Was ist die Ausgangsfrage des Projektes?

Lukas Timme: In meiner Bachelor-Arbeit im von der DFG geförderten Symbio-Aid Projekt untersuche ich an dem Modellorganismus Sorites orbiculus, einer Foraminifere, ob er nach einer künstlichen Bleiche mit Menthol neue endosymbiontische Algenstämme der Art Symbiodinium microadriaticum aufnimmt. Mich interessiert neben der generellen Flexibilität der Foraminiferen in Bezug auf ihre Symbionten auch die Auswirkungen der verschiedenen Endosymbionten-Stämme auf die Physiologie dieser Holobionten. Dabei möchte ich auch herausfinden, ob die Foraminiferen eine bevorzugte Aufnahme bezüglich eines bestimmten Endosymbionten-Stamms zeigen.

Wie geht ihr an diese Frage heran?

Lukas Timme: In der Meerwasseranlage des ZMT untersuche ich die Möglichkeit, die Foraminiferen mit Menthol zu bleichen. Die gebleichten Foraminiferen kann ich anschließend mit verschiedenen Endosymbionten-Stämmen animpfen. Dabei kann ich die Aufnahme der Endosymbionten in einem Laser-Scanning-Mikroskop nachverfolgen und durch Wachstums- und PAM-Fluorometrie-Messungen den physiologischen Zustand der Foraminiferen und Algen erfassen. In Kooperation mit dem MARUM können wir dann mit Hilfe moderner molekularer Methoden sehen, ob neue Symbionten aufgenommen wurden und die Aufnahme quantifizieren.

Warum sind gerade diese Organismen für den Versuch interessant?

Christiane Schmidt: Die Arbeit mit benthischen Foraminiferen als Modellorganismen für die Forschung zur Korallenbleiche bietet viele Vorteile. Sie sind leicht zu hältern und man kann mit ihnen Versuche in großen Stückzahlen durchführen. Sie sind auch leichter zu beschaffen, da sie im Vergleich zu Korallen nicht durch die Vereinbarung zum internationalen Handel mit gefährdeten Arten freilebender Tiere und Pflanzen (CITES) geschützt sind. Dadurch sind auch Versuche mit natürlichen Populationen möglich, wodurch die Antwort jedes Organismus individuell ist. Foraminiferen assozieren zudem mit mehr Mikroalgenarten als Korallen. Sie bieten dadurch einen faszinierenden Spielplatz an Möglichkeiten für Forschung zu Symbiosen.

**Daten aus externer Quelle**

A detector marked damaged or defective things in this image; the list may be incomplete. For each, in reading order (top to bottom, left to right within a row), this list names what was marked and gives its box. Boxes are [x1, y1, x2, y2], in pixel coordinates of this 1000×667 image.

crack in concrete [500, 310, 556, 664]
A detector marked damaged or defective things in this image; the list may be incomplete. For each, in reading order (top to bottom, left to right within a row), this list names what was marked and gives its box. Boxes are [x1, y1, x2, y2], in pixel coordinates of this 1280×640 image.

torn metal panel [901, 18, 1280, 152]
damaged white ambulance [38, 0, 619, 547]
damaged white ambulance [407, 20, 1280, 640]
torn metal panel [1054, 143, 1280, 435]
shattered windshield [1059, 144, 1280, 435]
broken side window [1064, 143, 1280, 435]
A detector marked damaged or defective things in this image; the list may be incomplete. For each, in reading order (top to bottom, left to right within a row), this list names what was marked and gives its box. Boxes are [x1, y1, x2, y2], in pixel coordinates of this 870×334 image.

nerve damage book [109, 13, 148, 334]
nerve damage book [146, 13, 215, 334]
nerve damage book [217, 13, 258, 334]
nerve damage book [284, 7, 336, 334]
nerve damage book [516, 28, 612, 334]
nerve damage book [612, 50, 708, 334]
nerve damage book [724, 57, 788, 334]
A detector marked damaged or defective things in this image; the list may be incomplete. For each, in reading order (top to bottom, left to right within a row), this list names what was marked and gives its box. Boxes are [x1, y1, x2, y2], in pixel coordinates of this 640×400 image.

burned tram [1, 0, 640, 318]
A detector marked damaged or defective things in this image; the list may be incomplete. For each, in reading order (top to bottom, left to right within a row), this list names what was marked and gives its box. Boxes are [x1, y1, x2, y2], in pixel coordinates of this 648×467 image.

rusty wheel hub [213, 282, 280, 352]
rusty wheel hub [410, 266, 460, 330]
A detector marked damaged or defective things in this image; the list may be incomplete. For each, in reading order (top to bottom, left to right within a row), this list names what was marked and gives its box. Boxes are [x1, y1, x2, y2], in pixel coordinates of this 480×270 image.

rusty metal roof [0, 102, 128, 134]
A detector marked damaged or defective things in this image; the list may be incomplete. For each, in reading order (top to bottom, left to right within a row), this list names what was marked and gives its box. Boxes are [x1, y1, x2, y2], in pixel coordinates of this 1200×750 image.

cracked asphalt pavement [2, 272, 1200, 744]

Welche neuen Erkenntnisse erhofft ihr euch?

Lukas Timme: Wir möchten ein besseres Verständnis der Symbiose zwischen Foraminiferen und endosymbiontischen Algen gewinnen. Anhand der physiologischen Antwort der Holobionten auf die verschiedenen eingeimpften Endosymbionten-Stämme hoffen wir, Rückschlüsse auf das adaptive Potential der Foraminiferen bei steigenden Meerestemperaturen schließen zu können.

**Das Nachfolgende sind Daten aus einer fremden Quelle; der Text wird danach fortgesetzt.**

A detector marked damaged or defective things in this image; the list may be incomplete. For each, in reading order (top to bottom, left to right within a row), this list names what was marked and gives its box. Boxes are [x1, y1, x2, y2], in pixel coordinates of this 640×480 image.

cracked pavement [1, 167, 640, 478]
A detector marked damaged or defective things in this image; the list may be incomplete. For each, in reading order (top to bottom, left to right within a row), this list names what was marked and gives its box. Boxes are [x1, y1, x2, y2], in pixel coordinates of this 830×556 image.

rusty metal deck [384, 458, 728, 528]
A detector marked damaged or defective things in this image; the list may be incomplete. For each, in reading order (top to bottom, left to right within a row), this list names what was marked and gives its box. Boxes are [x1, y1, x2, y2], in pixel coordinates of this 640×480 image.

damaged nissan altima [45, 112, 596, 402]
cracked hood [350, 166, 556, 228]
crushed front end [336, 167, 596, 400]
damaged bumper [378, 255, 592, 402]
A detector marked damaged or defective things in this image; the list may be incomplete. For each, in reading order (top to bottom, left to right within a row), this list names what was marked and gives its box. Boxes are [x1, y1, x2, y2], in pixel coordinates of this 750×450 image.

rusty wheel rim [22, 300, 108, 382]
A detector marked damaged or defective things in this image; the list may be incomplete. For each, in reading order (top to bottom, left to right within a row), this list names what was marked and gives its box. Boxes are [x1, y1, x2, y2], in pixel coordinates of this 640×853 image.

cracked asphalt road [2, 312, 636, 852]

Welche Bedeutung hätten die Ergebnisse des Experiments?

Christiane Schmidt: Durch ein besseres Verständnis der Symbiose zwischen Korallen oder Foraminiferen und Mikroalgen können die Auswirkungen der Meereserwärmung auf Korallenriffökosysteme präziser eingeschätzt werden. Dieses Verständnis der Grundlagen hilft auch dem Riffschutz: wenn wir herausfinden, dass neue Symbionten eingelagert werden, ist das ein großer Erfolg, denn wir zeigen dadurch, dass die Organismen sich anpassen können, insbesondere nach Bleichereignissen.

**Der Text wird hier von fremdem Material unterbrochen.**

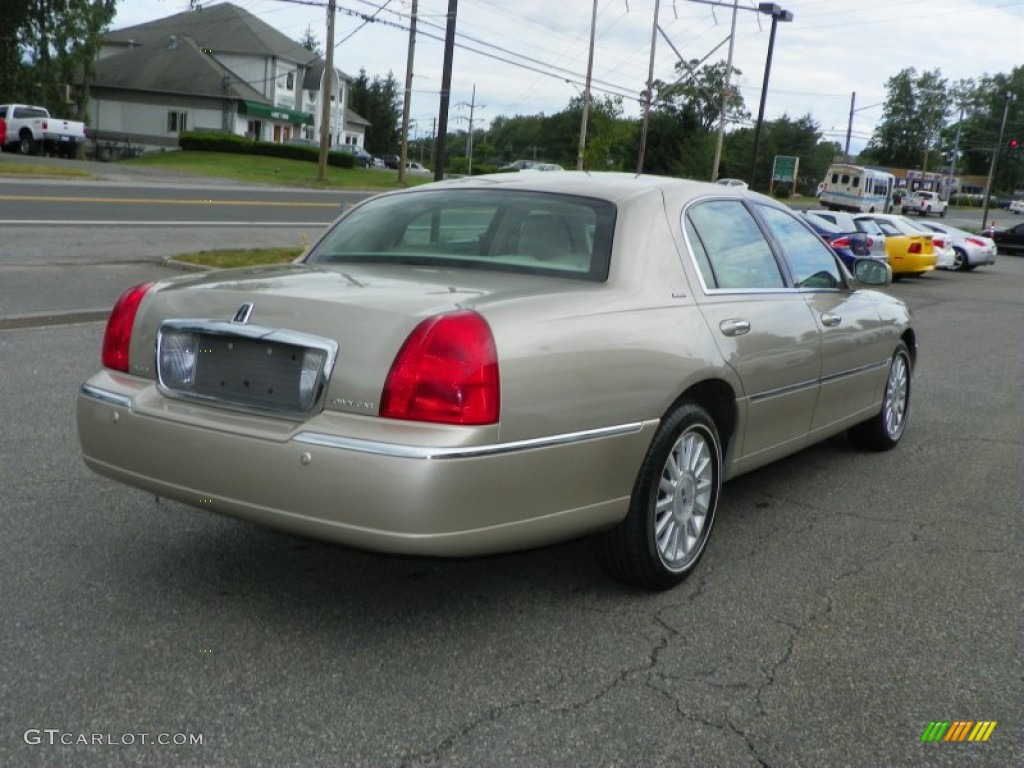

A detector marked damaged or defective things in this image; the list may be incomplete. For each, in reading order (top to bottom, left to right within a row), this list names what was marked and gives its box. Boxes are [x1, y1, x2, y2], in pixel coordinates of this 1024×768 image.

cracked asphalt [0, 185, 1019, 765]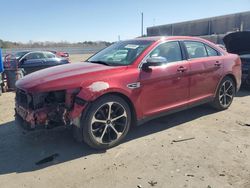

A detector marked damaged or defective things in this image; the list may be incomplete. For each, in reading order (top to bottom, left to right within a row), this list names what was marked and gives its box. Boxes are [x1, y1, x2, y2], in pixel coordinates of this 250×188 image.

crumpled hood [224, 31, 250, 54]
crumpled hood [16, 62, 123, 93]
damaged front end [14, 88, 87, 129]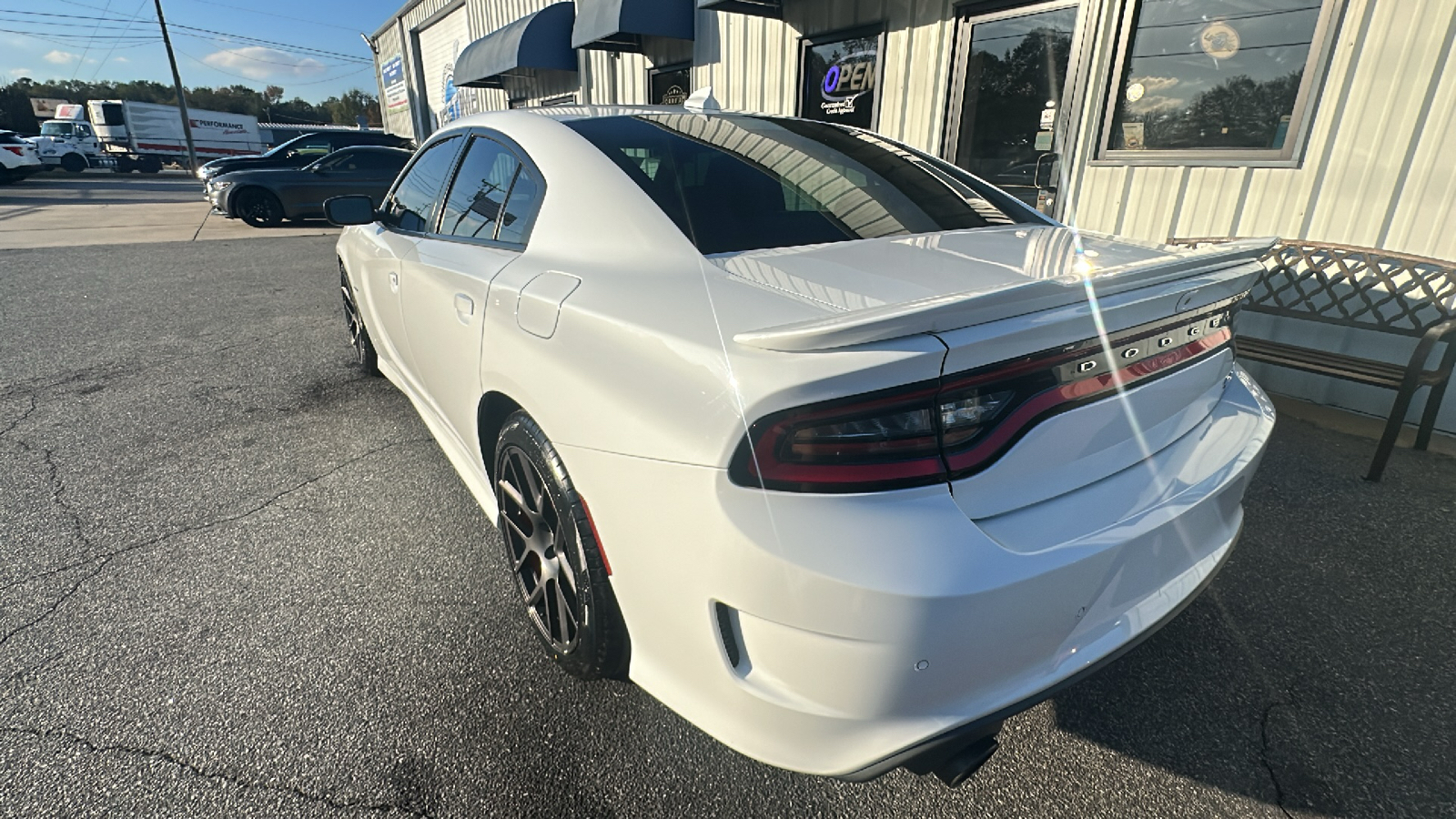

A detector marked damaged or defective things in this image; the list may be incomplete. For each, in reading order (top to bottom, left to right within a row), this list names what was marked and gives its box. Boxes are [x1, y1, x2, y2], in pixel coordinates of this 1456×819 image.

crack in asphalt [0, 434, 428, 650]
crack in asphalt [0, 723, 430, 810]
crack in asphalt [1263, 693, 1299, 815]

Die gezielte Impfung von Korallen oder Foraminiferen mit hitzetoleranteren Endosymbionten könnte sowohl zum Stärken bedrohter Korallenriffe, als auch dem Wiederherstellen geschädigter Korallenriffe angewandt werden.

Wie könnte diese Forschung weitergeführt werden?

Christiane Schmidt: Aufbauend auf diesem Experiment planen wir im Symbio-Aid Projekt Hitzestressexperimente mit beimpften Foraminiferen durchzuführen, um den Einfluss hitzetoleranterer Endosymbionten-Stämme auf den Holobionten besser zu verstehen. Wenn wir nachweisen, dass der Holobiont hitzetoleranter wird, könnte langfristig an der Wiederherstellung und Stärkung geschädigter Riffe geforscht werden.